Neuer Tunnel, neue Brücke, neue Straße

Bis Eide fahren wir direkt am Fjord entlang, dann – nach einer kurzen Pause – erreichen wir den ersten imposanten Streckenabschnitt: Den Vallaviktunnelen. 7,5 Kilometer lang führt dieser sehr gut beleuchtete Tunnel quer durch den Berg, so richtig verblüfft sind wir jedoch, als wir – noch im Tunnel, wohlgemerkt – auf einen Kreisverkehr stoßen. Ein Kreisverkehr. Im Tunnel. Wahnsinn! Durch seine bläuliche Beleuchtung wirkt die Mittelsäule noch dazu befremdlich futuristisch, als ob ein Raumschiff mitten im Berg gelandet wäre (siehe Wikipedia-Link).

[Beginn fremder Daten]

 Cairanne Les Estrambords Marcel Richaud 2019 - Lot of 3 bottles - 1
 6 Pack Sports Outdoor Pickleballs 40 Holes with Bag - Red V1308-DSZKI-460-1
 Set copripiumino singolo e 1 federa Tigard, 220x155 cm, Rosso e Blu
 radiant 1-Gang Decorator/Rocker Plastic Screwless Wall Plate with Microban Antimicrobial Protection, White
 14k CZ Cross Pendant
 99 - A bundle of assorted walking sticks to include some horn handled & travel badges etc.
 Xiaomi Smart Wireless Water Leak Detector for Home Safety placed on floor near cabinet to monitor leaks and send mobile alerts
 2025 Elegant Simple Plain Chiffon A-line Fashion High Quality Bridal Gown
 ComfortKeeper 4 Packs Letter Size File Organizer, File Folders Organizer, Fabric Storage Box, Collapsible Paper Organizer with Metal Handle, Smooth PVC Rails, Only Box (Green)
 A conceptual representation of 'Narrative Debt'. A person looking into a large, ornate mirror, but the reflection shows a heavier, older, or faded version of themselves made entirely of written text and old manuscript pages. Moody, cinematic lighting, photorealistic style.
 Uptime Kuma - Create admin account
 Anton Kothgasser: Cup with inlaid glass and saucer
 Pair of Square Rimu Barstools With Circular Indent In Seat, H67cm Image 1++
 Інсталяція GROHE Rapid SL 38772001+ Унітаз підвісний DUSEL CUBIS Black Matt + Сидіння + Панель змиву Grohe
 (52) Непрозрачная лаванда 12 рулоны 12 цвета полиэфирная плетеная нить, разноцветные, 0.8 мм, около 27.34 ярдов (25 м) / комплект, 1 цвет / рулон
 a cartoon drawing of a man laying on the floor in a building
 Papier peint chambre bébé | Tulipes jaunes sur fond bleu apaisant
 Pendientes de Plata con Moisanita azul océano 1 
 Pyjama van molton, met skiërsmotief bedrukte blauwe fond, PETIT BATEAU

Wir haben uns noch gar nicht so recht davon erholt, da geht es auch schon weiter: wo früher eine Fähre die Strecke verkürzt hat, überspannt nun – direkt nach dem Tunnel – eine riesige Brücke einen der Seitenarme des Hardangerfjords. Hier wird besonders anschaulich klar, warum teilweise so hohe Mautgebühren verlangt werden (von den anderen – höhö).

Auf neu geteerter Straße geht es nun weiter bis nach Eidfjord, das direkt am östlichsten Arm des Hardanger Fjords liegt. Hier befindet sich die letzte Tankstelle vor der Hardangervidda – worauf man auf dem Weg dorthin durch zig Schilder auch ständig hingewiesen wird.

Das Symbol zur Infobox

77 km keine Tankstelle mehr

In Eidfjord steht die letzte Tankstelle vor der Hardangervidda. Weil viele diese Möglichkeit nutzen, gibt es gerne mal Schlangen an den Zapfsäulen – daher empfiehlt es sich, den Tank ggf. ein paar Ortschaften früher zu füllen. Auf der Hochebene selbst gibt es keine Tankstellen. Die nächste steht erst 77 km weiter östlich, kurz vor Gol – eine Automatentankstelle, die rund um die Uhr funktioniert.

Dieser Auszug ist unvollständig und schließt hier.